The Security Forward Risk & Intelligence Forum’s quarterly meeting was held on 7 February at Z/Yen offices in the City. We had a good team turnout and a few new faces. The meeting started with a presentation from our Speaker in Residence, Lt Col Crispin Black entitled "Snakes and Ladders? The Rise and Fall of Great Powers - A Guide for Those on the Clapham Omnibus.” Crispin introduced a cautionary note about the rise and rise of China by questioning the comfortable western idea, derived from Hegel, that human history is an upwards path of liberty and personal fulfilment. Just as Hegel was developing this theory as a professor at the University of Jena, Napoleon was busy winning a battle nearby that kicked off the savage Franco-Prussian rivalry that laid waste to the European Continent twice in the Twentieth Century.
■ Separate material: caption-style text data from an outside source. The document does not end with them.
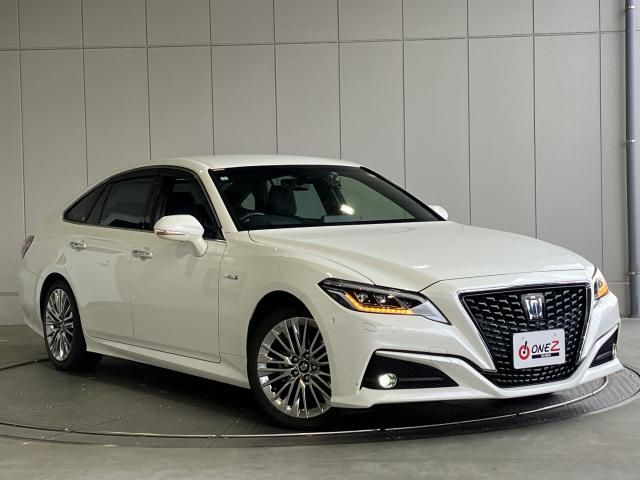 CROWN sedan hybrid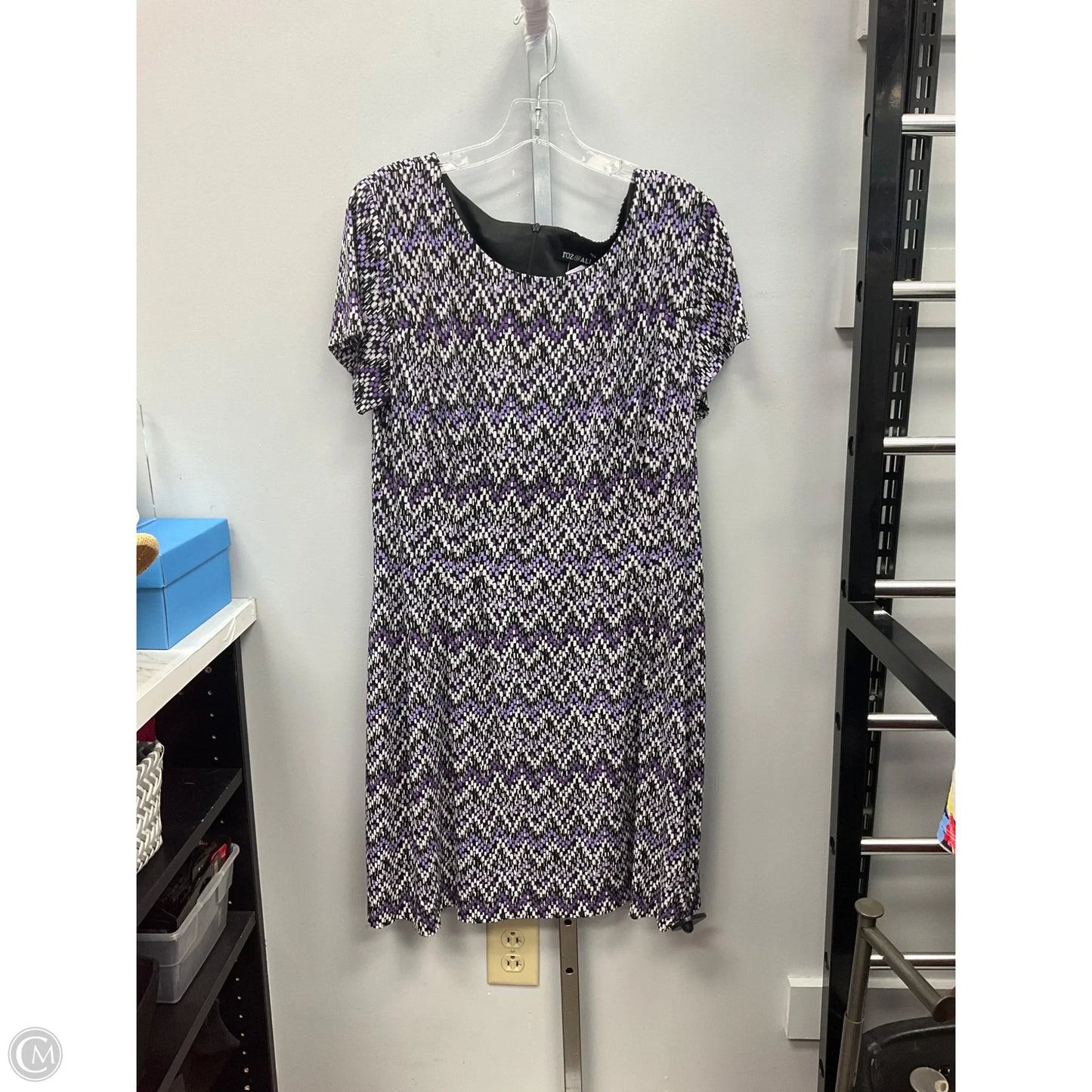 Dress Casual Short By Roz And Ali In Black & Purple, Size: 16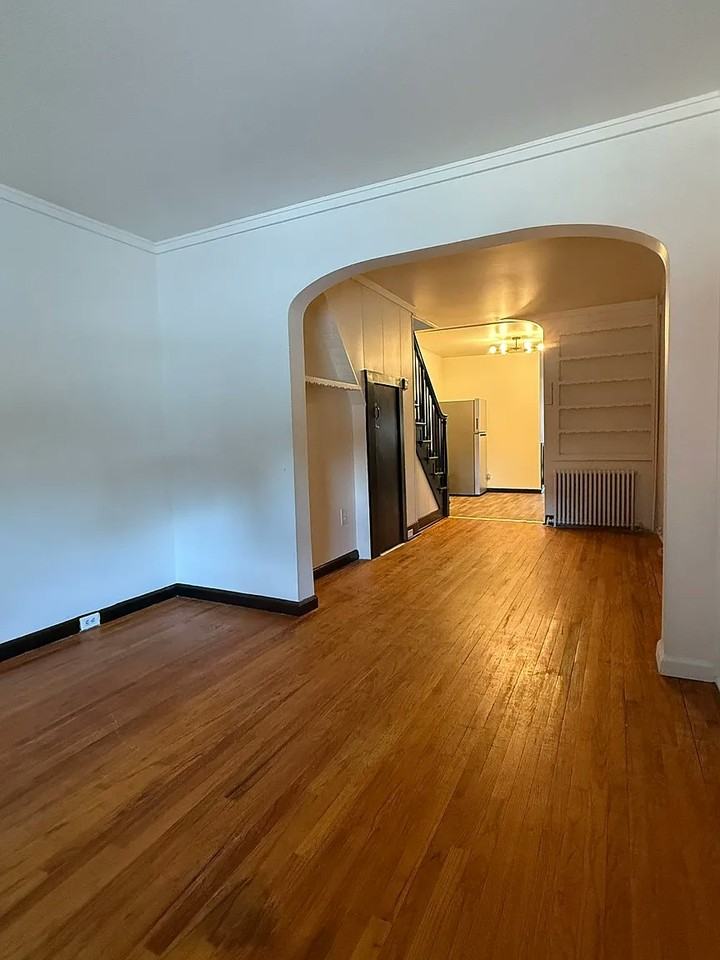 408 Lafayette St - Photo 6 of 24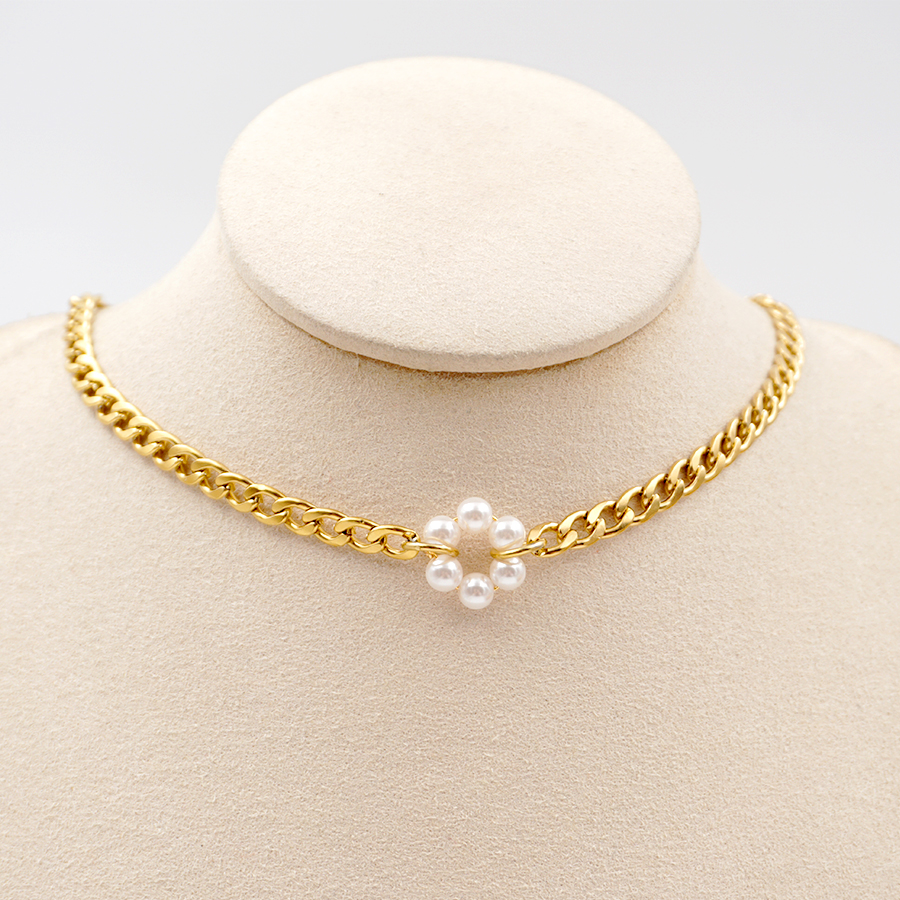 Casual Retro Simple Style Flower 304 Stainless Steel Imitation Pearl Titanium Steel Beaded Gold Plated Women's Necklace display picture 1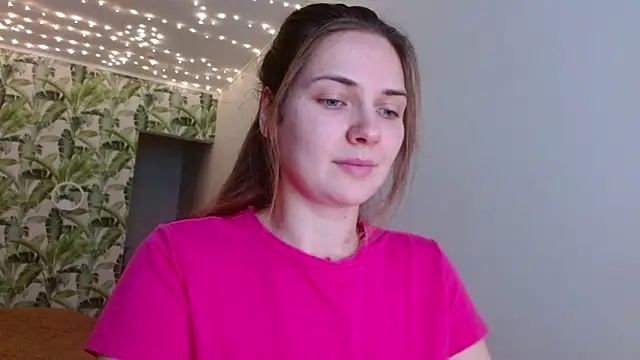 Snapshot of Olivia_shine chatting on 01.19.25 Olivia shine online show from 01.19.25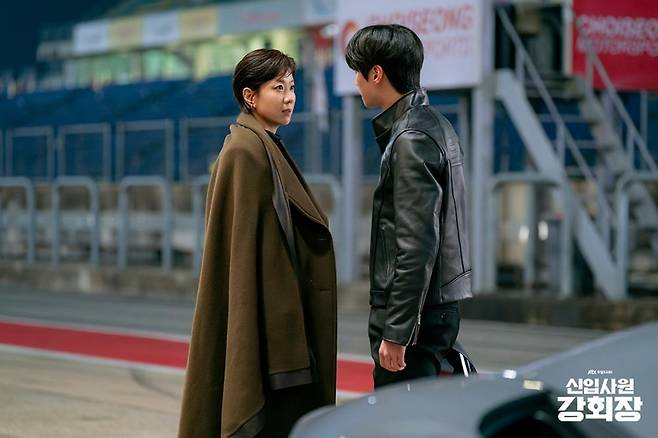 '신입사원 강회장'은 사업의 신(神)이라 불리는 굴지의 대기업 최성그룹의 회장 강용호가 사고로 원치 않는 2회차 인생을 살게 되는 리마인드 라이프 스토리를 담은 드라마다. JTBC 제공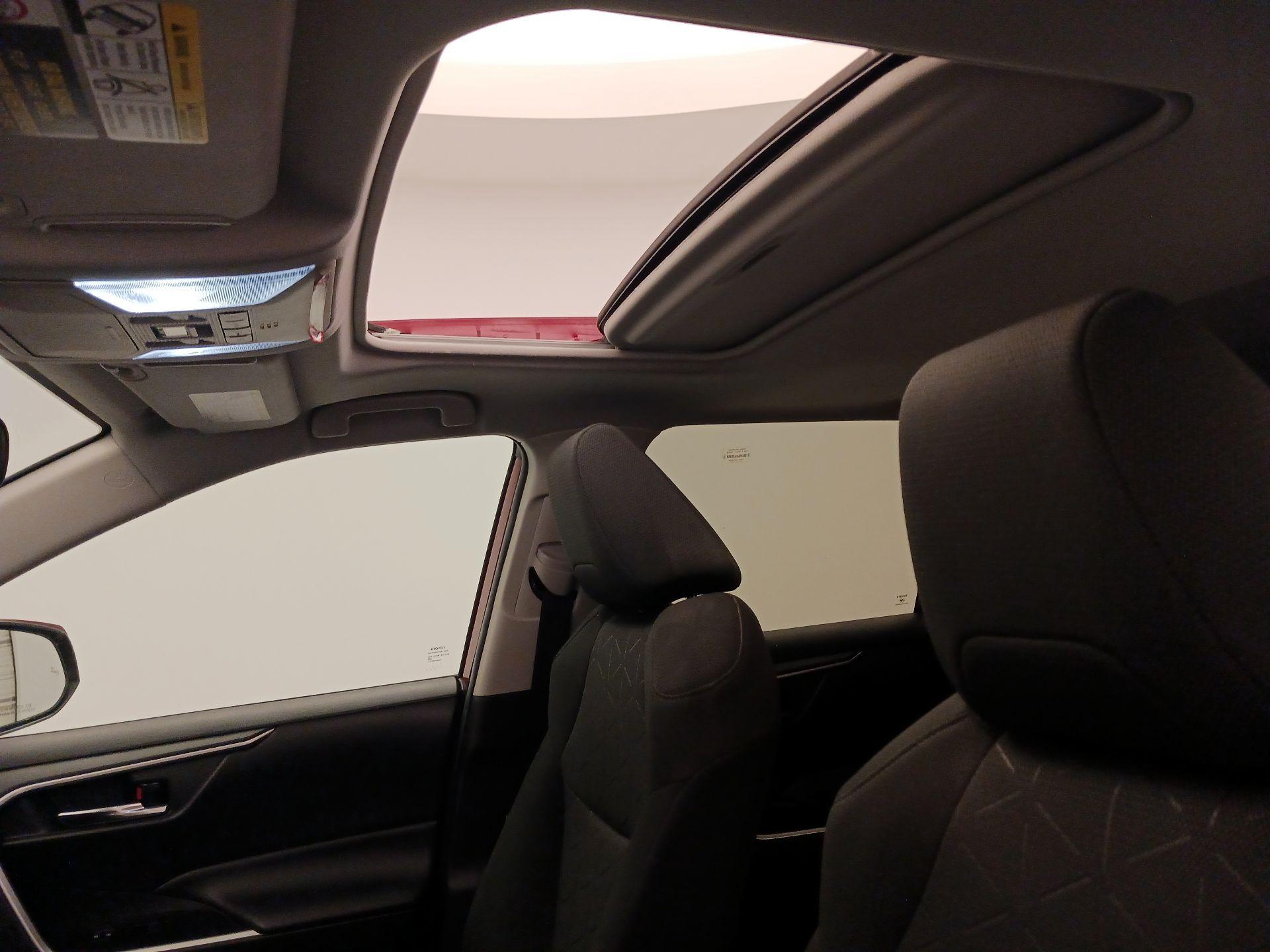 Thumbnail: 2021 Toyota RAV4 - 19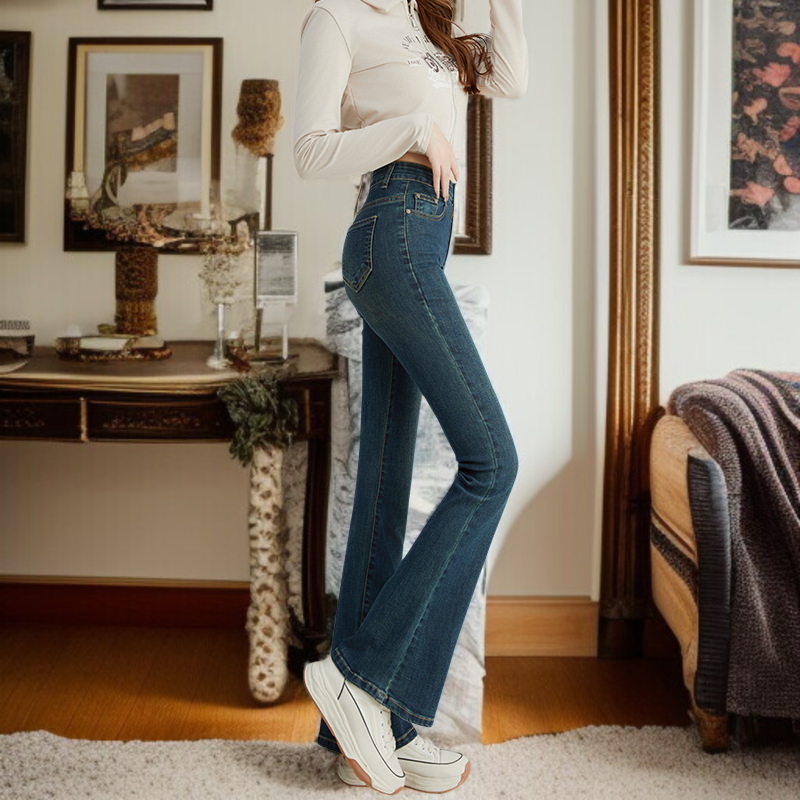 女性モデルが着用するスリムワイドジーンズ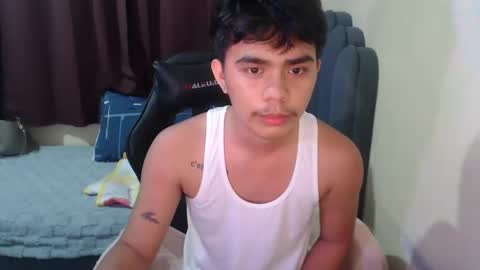 Snapshot of handsome_vanana chatting on 10/14/25, 02:07 handsome_vanana online show from 10/14/25, 02:07
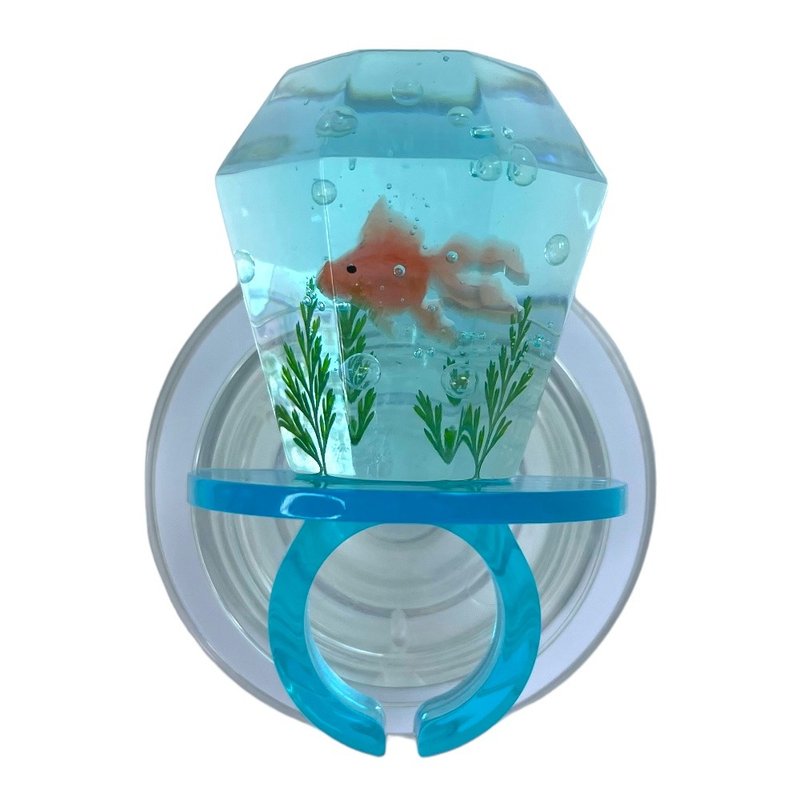 Aquarium Gem Phone Grip – Handmade Resin with Goldfish Design - อุปกรณ์เสริมอื่น ๆ - พลาสติก หลากหลายสี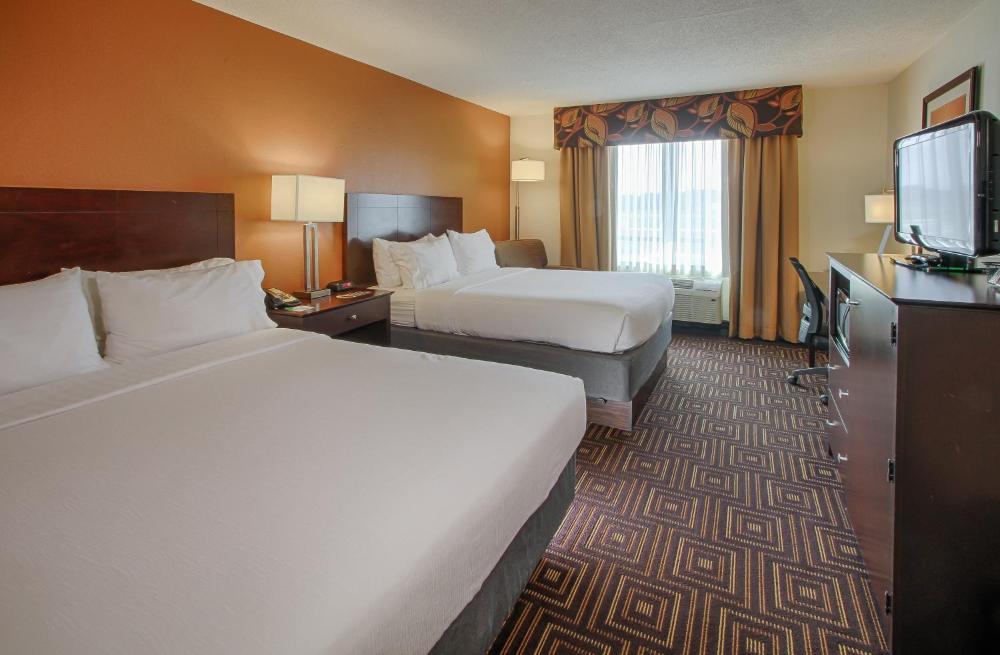 Standard Queen Room with Two Queen Beds interior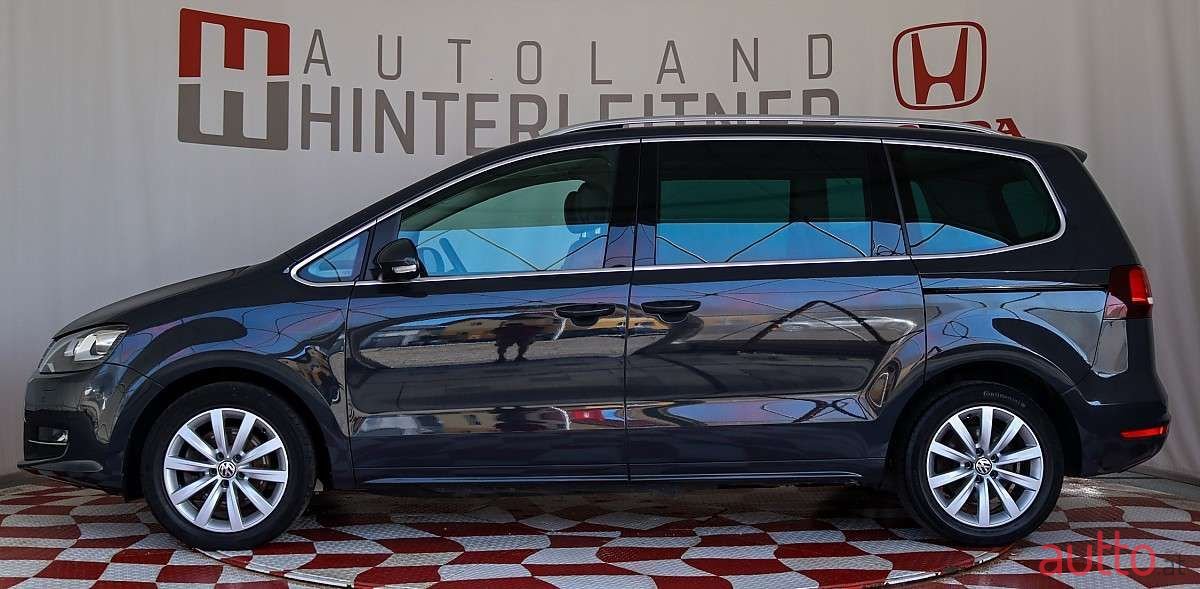 2020' Volkswagen Sharan photo #3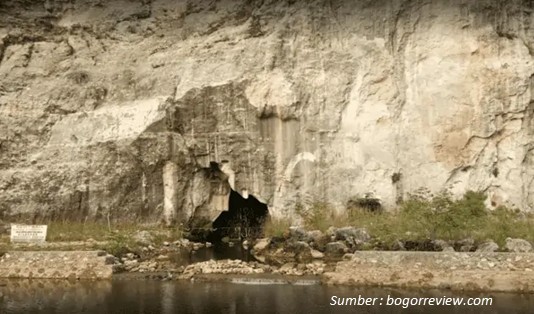 Area panjat tebing di gunung kapur Klapanunggal
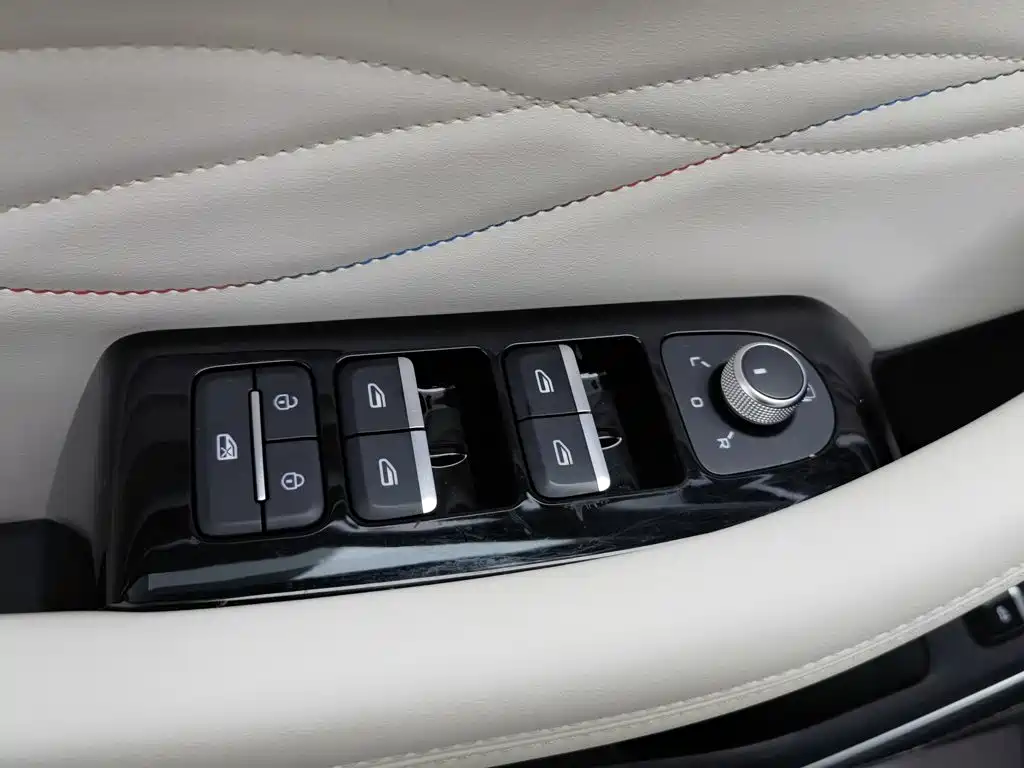 Geely Xingyue L — миниатюра 9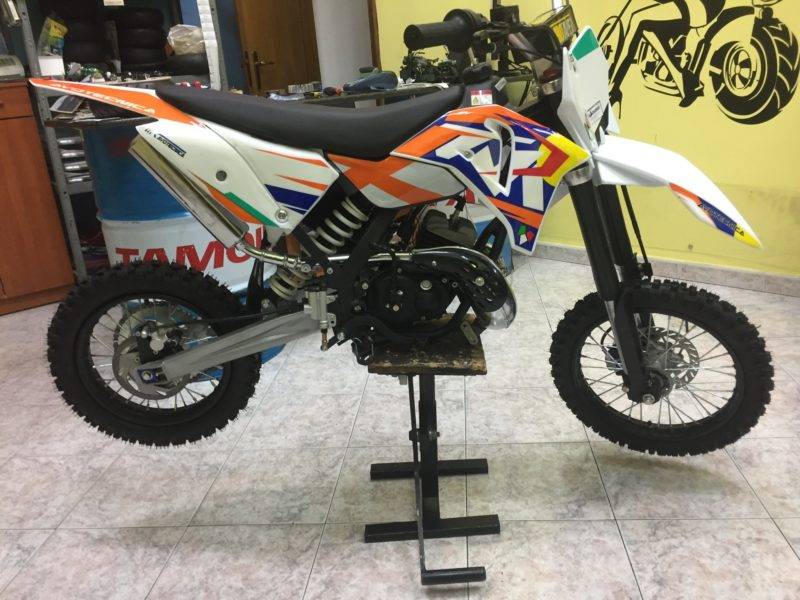 MINI CROSS 50CC 2T RUOTA 14" 12" XXL AVVIAMENTO A PEDALE,CARBURATORE 18 - immagine 2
Crispin said that one of the wild cards about the future of China is its attitude to military glory-perhaps the eighth deadly sin. Appeals to the popular hatred of the Japanese stemming from their actions in the 1930’s and 1940’s in China might one day run out of control or be appropriated by a member of the politburo with fewer scruples even than his colleagues. The talk was followed by some lively discussion, which is a trademark of Cripsin's presentations.
After our usual round-robin to identify key issues and concerns, our second speaker was Robert Ghanea-Hercock. Robert gave a talk entitled "Complexity and Security". Robert is a Chief Research Scientist in the British Telecommunications Security Research Practice and has many years of experience managing security research projects in the UK. He was theme leader for networks and security in he UK MOD Information Fusion Defence Technology Centre. Robert stressed the need for a resilient network and pointed out that hackers can be really creative people. He is also of the opinion that most people are bad at risk assessment and have a tendency to keep building the Maginot line. "We face unprecedented challenges in securing the information assets and intellectual property of our public and private organisations." He said that the cyber domain is where there are far more avenues for attack than there are ways to defend. This was a fascinating and absorbing talk, although worrying in its implications for the future. Robert managed to make a complex subject seem simple and clear, with numerous exciting images, and his talk generated quite a lot of discussion. After dinner we enjoyed some comments by Mike Sixsmith who has enjoyed a long and varied career in counter terrorism and intelligence and set up a security company in Dubai, as well as working in Angola and Zaire. His recently published novel is entitled Exit Plan, and looks at terrorism and the jihad. Everyone left with a signed copy - examinations at our next conclave in May.